▶ _WHAT IS BEING ASKED_
Set down, unchanged, the line holding "Photo 10 of" and all lines that follow it to the end of the material, leaving pictures out.

[Opening EXTRACTED MATERIAL section]

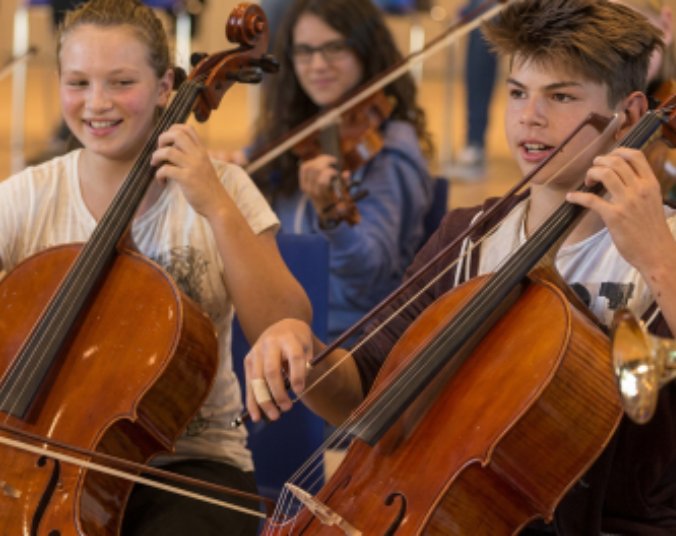 Zwei Schüler spielen Cello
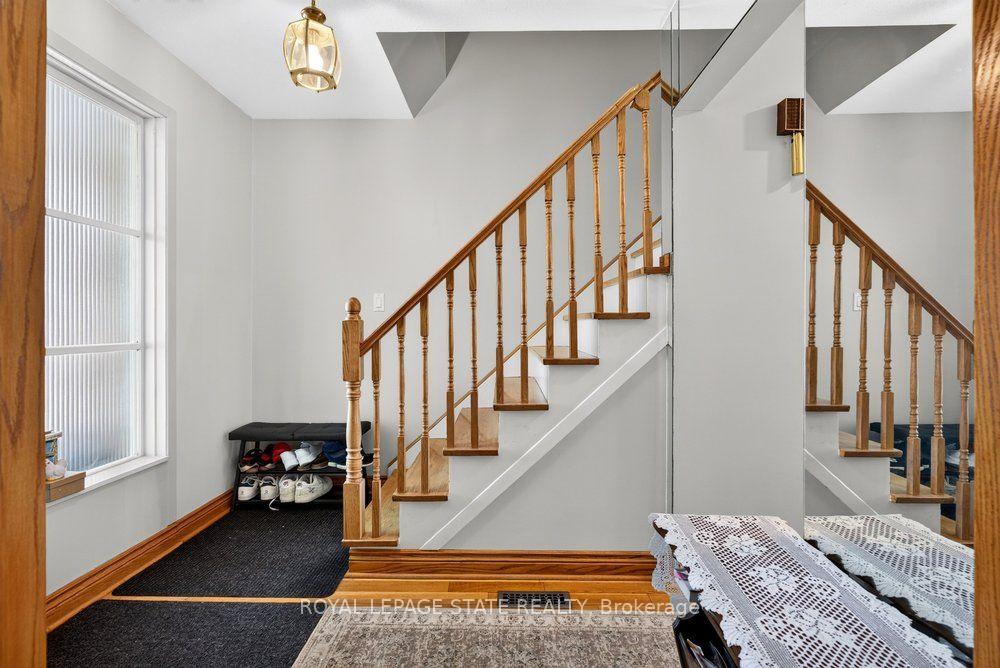 Photo 10 of 2440 Cyprus Avenue, Burlington, Mountainside — HOMEH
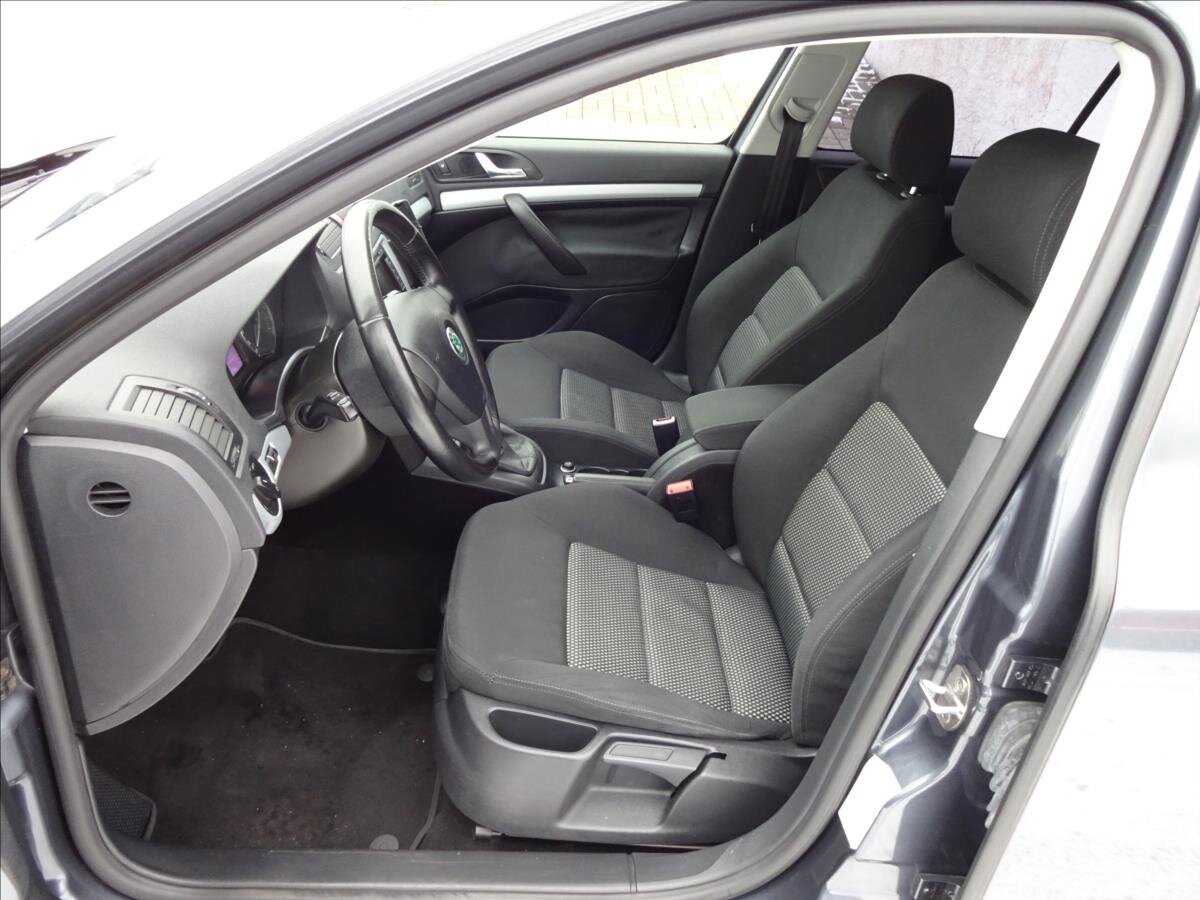 Škoda Octavia Kombi 1,8 l 118 kw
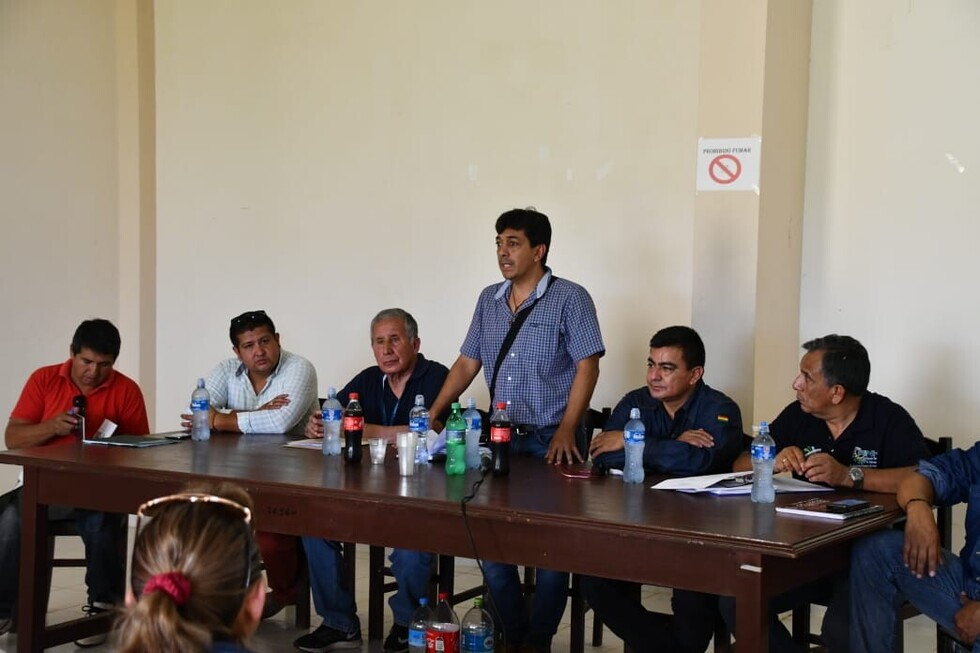 Zamora insta a conformar acuerdo institucional entre YPFB y Emtagas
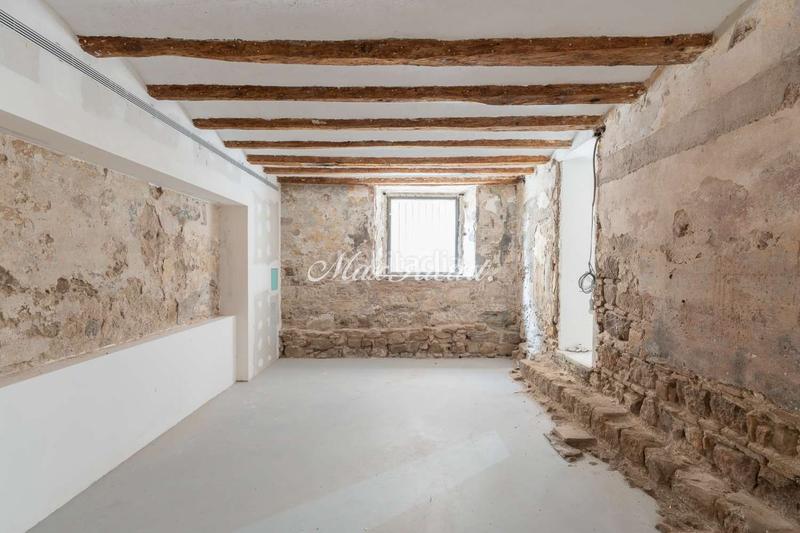 Foto 885e76eb-0ee4-429a-b2b4-1bfb882b89e7. Location local commercial avec chauffage dans Gòtic Barcelona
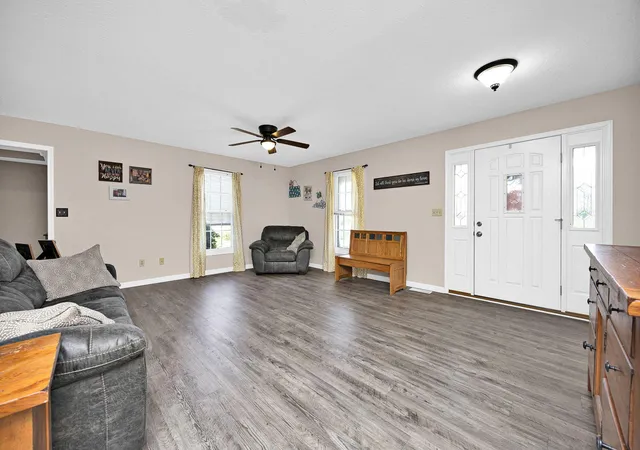 Homes for sale in Danville, KY | 129 Creekside Dr, Danville, KY 40422 | MLS# 26016082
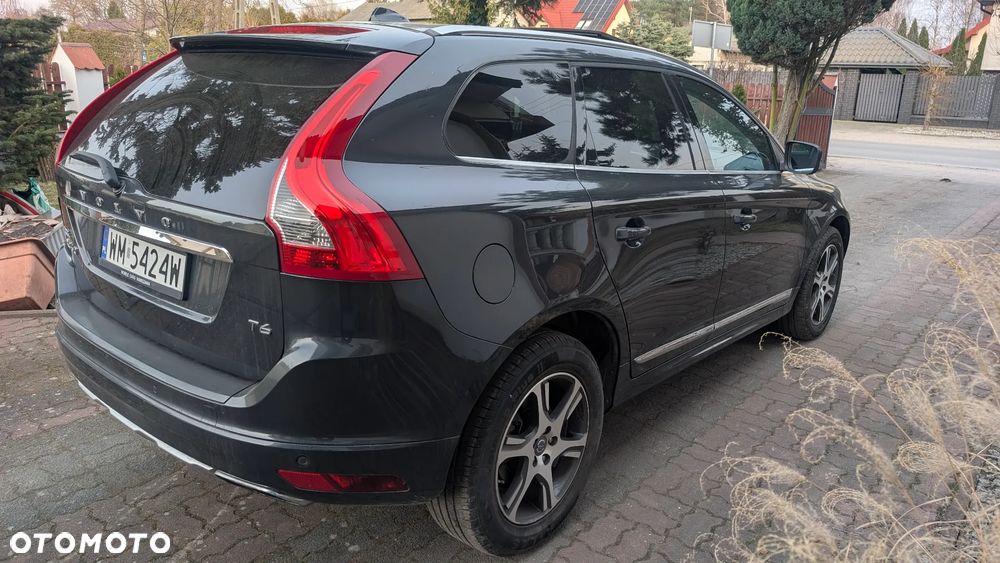 Volvo XC 60 T6 Geartronic Momentum - 4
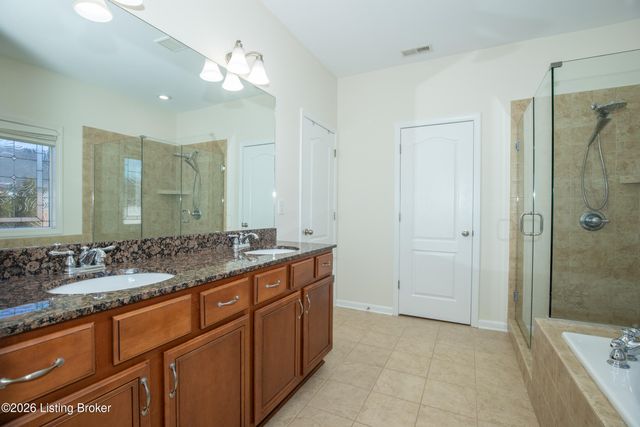 18003 Brightleaf Pl, Fisherville, KY 40023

[Closing EXTRACTED MATERIAL section]

▶ _EXERCISE OUTPUT_
 Photo 10 of 2440 Cyprus Avenue, Burlington, Mountainside — HOMEH
 Škoda Octavia Kombi 1,8 l 118 kw
 Zamora insta a conformar acuerdo institucional entre YPFB y Emtagas
 Foto 885e76eb-0ee4-429a-b2b4-1bfb882b89e7. Location local commercial avec chauffage dans Gòtic Barcelona
 Homes for sale in Danville, KY | 129 Creekside Dr, Danville, KY 40422 | MLS# 26016082
 Volvo XC 60 T6 Geartronic Momentum - 4
 18003 Brightleaf Pl, Fisherville, KY 40023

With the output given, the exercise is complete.